Her voice was a sweet little Texas drawl, not too heavy. A light touch, enough to make the heat crawl through Tiger’s veins and go straight to his cock.
The woman found a catch and worked the hood open, then dusted off her hands and peered at the inner workings without comprehension.
“Classic car, my ass.” She scowled at it. “Classic just means old.”
Tiger looked inside. The layout was much different from the pickup he and Connor had been tinkering with all spring, but Connor had been teaching him a lot about vehicles. “Got a socket wrench?”

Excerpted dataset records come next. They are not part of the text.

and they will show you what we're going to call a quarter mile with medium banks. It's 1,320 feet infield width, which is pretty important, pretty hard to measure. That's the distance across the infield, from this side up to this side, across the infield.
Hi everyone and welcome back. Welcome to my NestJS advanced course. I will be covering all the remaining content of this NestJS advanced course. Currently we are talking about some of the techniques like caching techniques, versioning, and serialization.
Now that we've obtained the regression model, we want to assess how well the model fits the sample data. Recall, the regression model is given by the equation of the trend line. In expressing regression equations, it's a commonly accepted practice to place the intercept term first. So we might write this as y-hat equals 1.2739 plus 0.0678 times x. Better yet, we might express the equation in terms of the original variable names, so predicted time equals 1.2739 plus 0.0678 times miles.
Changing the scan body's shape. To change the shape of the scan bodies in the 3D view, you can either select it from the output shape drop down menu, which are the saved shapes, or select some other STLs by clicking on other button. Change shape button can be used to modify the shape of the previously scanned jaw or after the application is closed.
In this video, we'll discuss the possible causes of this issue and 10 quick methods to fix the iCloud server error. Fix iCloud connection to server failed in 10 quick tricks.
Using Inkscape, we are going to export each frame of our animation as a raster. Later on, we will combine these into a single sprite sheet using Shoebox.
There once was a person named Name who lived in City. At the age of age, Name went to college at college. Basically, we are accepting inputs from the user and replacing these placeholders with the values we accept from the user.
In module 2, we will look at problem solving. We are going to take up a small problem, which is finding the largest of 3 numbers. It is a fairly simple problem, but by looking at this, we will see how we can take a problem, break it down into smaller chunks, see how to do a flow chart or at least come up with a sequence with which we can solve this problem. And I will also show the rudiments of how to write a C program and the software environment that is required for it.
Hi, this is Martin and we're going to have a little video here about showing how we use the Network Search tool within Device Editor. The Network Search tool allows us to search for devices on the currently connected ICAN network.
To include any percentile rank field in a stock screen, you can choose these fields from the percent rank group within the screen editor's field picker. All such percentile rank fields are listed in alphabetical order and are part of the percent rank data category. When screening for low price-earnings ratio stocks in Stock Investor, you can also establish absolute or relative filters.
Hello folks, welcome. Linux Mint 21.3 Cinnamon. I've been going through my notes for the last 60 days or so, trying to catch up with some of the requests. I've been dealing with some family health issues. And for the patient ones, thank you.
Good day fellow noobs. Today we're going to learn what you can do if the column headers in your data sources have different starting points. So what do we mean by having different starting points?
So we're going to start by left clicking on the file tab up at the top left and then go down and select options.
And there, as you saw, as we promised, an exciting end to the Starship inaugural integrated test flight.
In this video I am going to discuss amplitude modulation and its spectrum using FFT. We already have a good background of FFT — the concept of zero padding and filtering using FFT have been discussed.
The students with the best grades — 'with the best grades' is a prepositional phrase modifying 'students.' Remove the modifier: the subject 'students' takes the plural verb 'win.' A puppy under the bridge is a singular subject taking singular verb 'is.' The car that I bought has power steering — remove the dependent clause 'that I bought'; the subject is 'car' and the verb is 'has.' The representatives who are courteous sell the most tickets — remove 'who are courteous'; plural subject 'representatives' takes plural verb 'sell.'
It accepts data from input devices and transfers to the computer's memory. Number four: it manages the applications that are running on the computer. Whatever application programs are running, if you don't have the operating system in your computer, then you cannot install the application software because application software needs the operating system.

When he looked up at the woman, he saw her staring at him from behind the sunglasses. “Your eyes,” she said. “They’re…”
“Yellow.”
Tiger turned away before her scent convinced him to press her back against the side of the car. This was his mate, and he didn’t want to hurt her. She wasn’t a female someone had tossed into his cage to trigger his mating frenzy.
He wanted to take this slow, woo her a little. Maybe with something involving food. Shifter males around here liked to cook for their mates, and Tiger liked the rituals.
She opened the back of the car and found a toolbox, which did have a set of socket wrenches. Tiger took one and reached inside the car, letting himself look for the silence in him that would lead him to the problem. He seemed to be able to sense what was wrong with engines, and how to coax them back to life. He couldn’t explain how he did it—he just knew that cars and trucks didn’t watch him, or fear him.